It is warm, and college students are off from classes. Restlessness from the winter lends itself to gathering outside at an annual high. Summer presents the perfect protest conditions for individuals who feel disaffected or passionate about a political cause. This trend is true historically and has played out over the past few summers in America. Summer 2024 is poised for protests given recent riots on college campuses, and a contentious presidential election around the corner. There is a chance that these protests will devolve into violent riots and potential insurrection.  

Most Americans do not want a summer of roiling protests that quickly turn into riots chock-full of damage to homes, businesses, public parks, and government buildings. These Americans support peaceful protests that adhere to time, place, and manner restrictions. Additionally, these Americans grow increasingly concerned with the vitriolic nature of our political rhetoric. To act as a bulwark against the potential prevalence of these riots, it would behoove these Americans to brush up on the fundamental rights and responsibilities they have under the Constitution. Therefore, they can effectively access the constitutional means to end the riotous behavior that comes at the expense of meaningful political progress. The same type of progress that was once the result of nonviolent protests like the Montgomery Bus Boycott. 

Below are a couple pertinent civic concepts to brush up on as spring gives way to summer. 

Democracy is a work in progress

Until 1776, the standard practice for political rule was monarchy. The reason is simple. Monarchies are easy to facilitate for those in power. Listen to what this person says or it is off to the dungeon or worse. Yes, this is a strawman summation of monarchical rule, and there are several historical examples of benevolent monarchs. However, compared to the intricate moving parts of democracy, monarchies pale in comparison to the level of precision needed to make governance work.  

Democracies are complex. It is a modern attempt to solve the oldest political problem – how do governments balance the public good with the good of the individual? The framers of the Constitution were astutely aware of this problem. When drafting the Constitution in the Philadelphia summer heat of 1787, they debated several plans of government that reflected a capacious knowledge of 2000 years of political history. 

Democracy is not completely modern. It had been tried several times in the ancient world, each time resulting in failure.

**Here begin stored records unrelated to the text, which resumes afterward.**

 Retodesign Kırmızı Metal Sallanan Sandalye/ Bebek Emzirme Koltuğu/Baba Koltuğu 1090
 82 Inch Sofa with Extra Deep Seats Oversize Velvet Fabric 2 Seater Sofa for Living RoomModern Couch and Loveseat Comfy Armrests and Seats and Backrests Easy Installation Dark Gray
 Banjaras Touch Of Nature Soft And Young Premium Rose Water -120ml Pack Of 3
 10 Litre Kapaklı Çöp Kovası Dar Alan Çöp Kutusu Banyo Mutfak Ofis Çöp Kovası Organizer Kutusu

These failures occurred because it was applied too excessively or too deficiently. In its excesses, democracy devolved into mob rule where the majority tyrannically abused the minority. In its deficiencies, democracy morphed into tyrannical rule by demagogues. To illustrate the potential faults of democracy, the Federalist Papers enumerated several examples of individuals and the public good being subsumed by tyranny in the ancient world.

Noting these historical outcomes, George Mason of Virginia proposed the Bill of Rights to guarantee the foundations of democratic rule in the modern world – individual liberty to stifle the  excesses and deficiencies of government.

These rights are the foundation upon which America has been held accountable throughout its history. Every time a generation has violated the rights of a specific group, the next generation has been willing to declare these violations as wrong and demand that we strive toward a “more perfect union.” 

President Barack Obama underlined this asymptotic approach to American justice during his farewell address when he stated, “… that’s what we mean when we say America is exceptional – not that our nation has been flawless from the start, but that we have shown the capacity to change and make life better for [all].”

What is a right?

The Bill of Rights outlines the basic package of protections each American has from a tyrannical government. These rights set limits as to what the government can and cannot do to its citizens. While this might seem like the establishment of immutable “no trespass zones,” the practical implementation of these rights is far more complex and limited than one might think.

An individual’s rights do not exist within a vacuum. As George Costanza would say, “We’re living in a society!” Consequently, democracies are constantly trying to balance where the rights of one individual end and the safety of another individual or the public begins. 

There are a near infinite number of scenarios that help illustrate this delicate balance. What is most helpful when trying to understand this balancing is to examine the language of the Bill of Rights. This language acknowledges the balancing act existing within stark limits.

Consider the The First Amendment. It reads: “Congress shall make no law … abridging the freedom of speech.” Prima facie, it would appear that the First Amendment guarantees unlimited speech. After all, it literally states that the government cannot abridge “freedom of speech.”  However, if this is the case, why did James Madison not write the First Amendment as “abridging speech”? Why did he condition speech with the adjective of “freedom”?  This was done by Madison to indicate that only certain types of speech qualify as free speech. Chief among these free types are political speech and the ability to criticize the government. 

Two hundred and thirty years of laws and constitutional interpretation bear out Madison’s conditionalizing of speech. This is why you are not legally allowed to use free speech to threaten government employees, or harass someone based on his or her race or religion under Title Six of the Civil Rights Act.

Will a civics refresher help?

Acutely, a civics refresher will have little to no impact on the individuals who are locked in the recalcitrant tribalism of contemporary American politics. This brand of politics dismisses and even cheers illegal behavior as long as said behavior advances a particular tribe’s viewpoint. This allows those who demand law and order to fail at calling out their own supporters when they act violently or illegally. Both sides of the American political spectrum are rife with examples of this selective cognitive dissonance.

In the long run, cooler heads on both sides of the political spectrum must engage in a recommitment to the study of civics for the sake of future generations. A study of civics that not only incorporates institutional knowledge about the structures of American government, but the examination of constitution language. Language that reflects the virtues and vices of human nature, and the safeguards needed to balance the oldest political problem.  

Generations Z and Alpha are watching how we speak and act towards each other. These observations will become their behaviors and form their character. If all they witness is a society that engages in virulent language, castigating individuals with different political opinions as evil, what will their character be? What will democracy become? After all, the character of a democratic nation is the character of its citizens.